初交信の夜、欧州が強く入ってきたが、交信を我慢してアフリカを待ちつづけた。深夜になってもアフリカは入ってこない。その内に、14MHzでは欧州も聞こえなくなった。一晩中起きていて「どこでもいいからQSOを」とあせるものの、どこからも反応がない。朝になってようやくフィリピンのDU1CEとの交信となり、それが初交信となった。

島さんの最初のQSLカード。

朝の7時15分にDU1CE、8時30分にDU1DOと交信したが「DU1CEとは何を送信したかは良くおぼえていない」という。戦後のわが国のアマチュア無線初交信は、7MHzでは市川さんであり、14MHzでは島さんだった。

開局後、島さんは毎朝14MHzの電信にでた。当初の交信相手はVK(オーストラリア)が多く、次いでZL(ニュージーランド)や太平洋にある島々だった。ファーストQSOとして狙っていたアフリカと交信できたのは、1カ月以上も経った10月12日になった。また、JA8AA、浜さんとは9月5日に交信できた。

島さんは自局の運用とともに、JARL滋賀クラブ、関西支部の活動にも積極的に関わった。その一つが、講習会の開催であった。再開以来、ハムの活動振りがしばしばマスコミに取り上げられるようになった。また、昭和25年の朝鮮動乱は軍需を作りだし、日本経済を立て直し、戦後の悲惨な生活から国民もようやく脱しつつあった。

開局当時の島さんと自作機。

このように国民が、生活面でも精神面でもゆとりを持ち始めたことも影響してか、アマチュア無線に対する関心が高まってきた。このため、関西支部ではアマチュア無線がどのようなものかをPRすることになった。昭和28年、第1回が大阪朝日新聞社の講堂で、電波法についてのテーマで行なわれた。

再開された関西支部は、支部長に塚村泰夫(JA3AU)さんが就任し、役員には戦前のハムが名を連ねて運営していた。
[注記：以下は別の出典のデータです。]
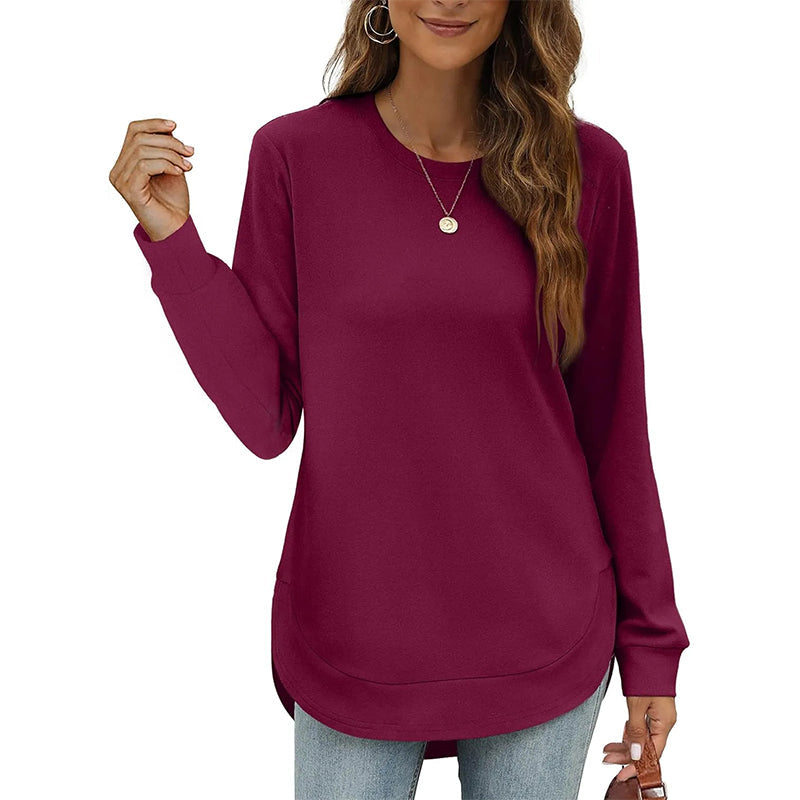 Lizza – Bluza Z Okrągłym Dekoltem I Zaokrąglonym Dołem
ちなみに、昭和27年から34年までの間、JARLの役員であったJA3のハムは塚村さんの他、湯浅楠敬(JA3TT)さん、島さん、岡谷重雄(JA3BB)さん、桜井一郎(JA3AF)さん、真田隆幸(JA3CA)さんの6名だった。

このうち4名が戦前のハムであり、島さんは真田さんとともに、早くからJARLで活躍していたことがわかる。当時、島さんは関西支部の幹事の1人であったが、その頃を振り返って「関西では戦前のハムの方が戦後も先頭に立ってくれたので良かった。私とは年齢は20才以上離れていたこともあり、私は下っ端として走り使いをしてました」という。

昭和29年(1954年)の講習会には、JARLの理事長となった梶井謙一(JA1FG)さんに講師を依頼、31年にはモールスコードの講習を行なうなど、徐々にレベルが高くなっていった。いずれの講習会も会場に入りきれないほどの盛況さであった。島さんは、この時、初めて大勢の人前で話しをするのを体験したという。

29年には、大阪市西区新町にあった大阪市立電気科学館の改装にともない「アマチュア無線コーナー」が常設された。当時は、社団局(クラブ局)の考え方がなかったこともあり、受信機のみを設置し、パネルを展示した。島さんによると「記憶がはっきりしないが、戦前のハムであった中村季雄(J3CT)さんが、その科学館に勤務しており、便宜を図ってくれたと思う」という。

オープニングの日、1人の高齢な方が会場を見て回る途中、我々のコーナーを訪れ、空いている椅子に座りこまれた。島さんは、アマチュア無線について初歩的な説明を始めたが、企業の経営者らしい人達が次々と来て挨拶をしている。「後で名刺を交換したところ当時の大阪商工会議所の杉道助会頭であり、びっくりした」ことを思い出している。

昭和30年(1955年)には、大阪市内の高島屋百貨店で行なわれた「伸び行く電波と電気通信展」で、アマチュア無線の公開運用を実施した。「伸び行く電波と電気通信展は」第1回が昭和24年に東京で開かれた。その後、昭和25年に電波3法が施行されたのに伴ない、翌26年からは6月1日の「電波の日」の記念行事として、その後、しばらくは東京と大阪で続けられた。

昭和31年にも高島屋で行われたアマチュア無線公開運用。操作しているのは島さん。

島さんは自作の1号機を出品し、徹夜でコーナーを設営するとともに、会期中の6日間は説明員として詰めた。当時の郵政省の行事でもあり、近畿電波監理局(前大阪逓信局)勤務の島さんにとってはそれも業務であった。